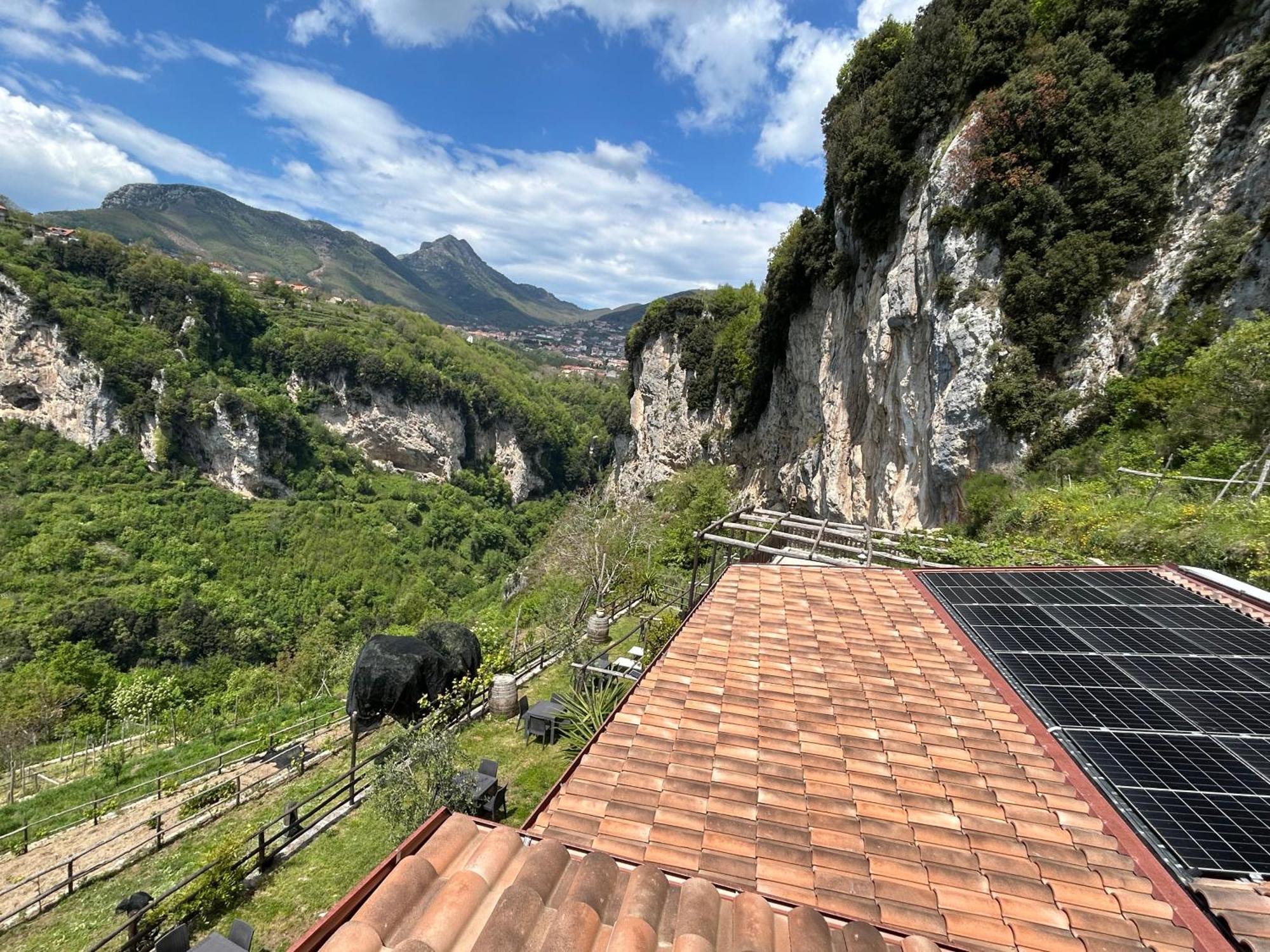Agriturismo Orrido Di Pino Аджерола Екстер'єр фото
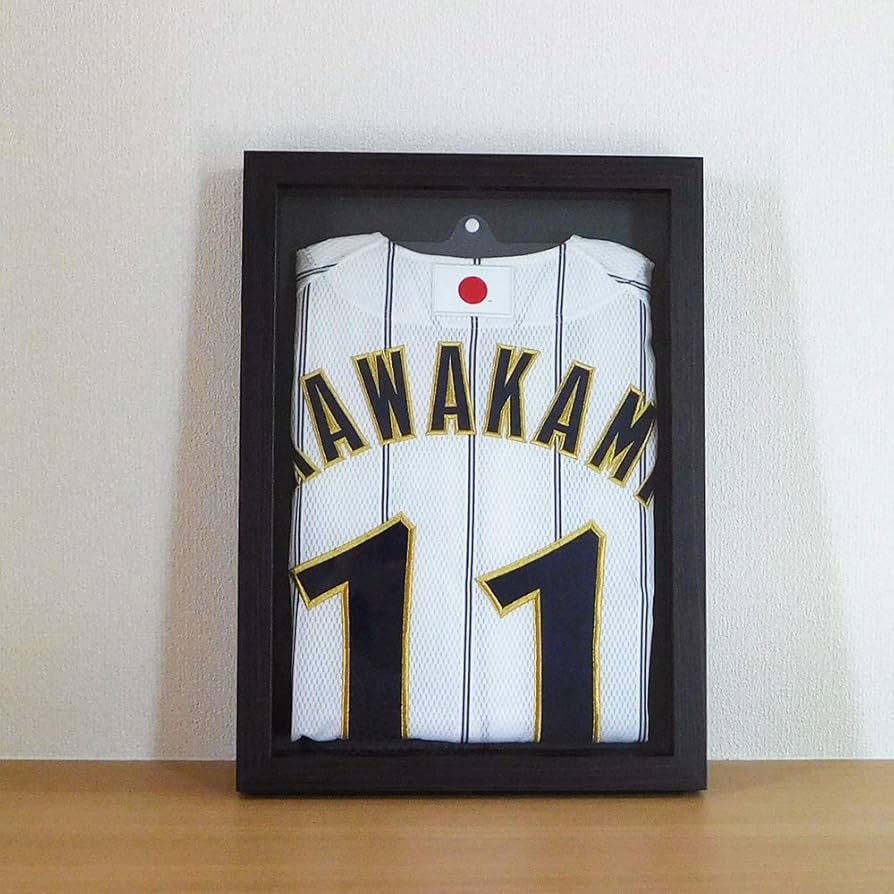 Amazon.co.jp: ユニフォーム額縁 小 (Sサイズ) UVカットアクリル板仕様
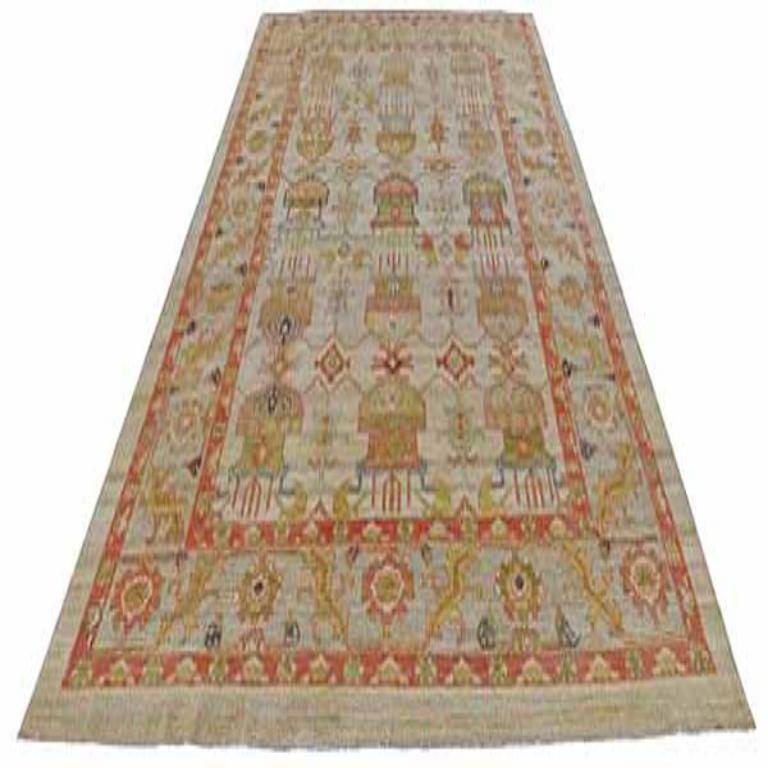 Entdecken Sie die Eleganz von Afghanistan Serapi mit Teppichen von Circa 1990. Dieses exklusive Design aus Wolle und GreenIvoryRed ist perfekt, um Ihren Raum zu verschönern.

------------------------------------------------------------

> [What is expected]:
Omit the pictures and give the material again, exactly and in full.

> [Answer box]:
Agriturismo Orrido Di Pino Аджерола Екстер'єр фото
 Amazon.co.jp: ユニフォーム額縁 小 (Sサイズ) UVカットアクリル板仕様
 Entdecken Sie die Eleganz von Afghanistan Serapi mit Teppichen von Circa 1990. Dieses exklusive Design aus Wolle und GreenIvoryRed ist perfekt, um Ihren Raum zu verschönern.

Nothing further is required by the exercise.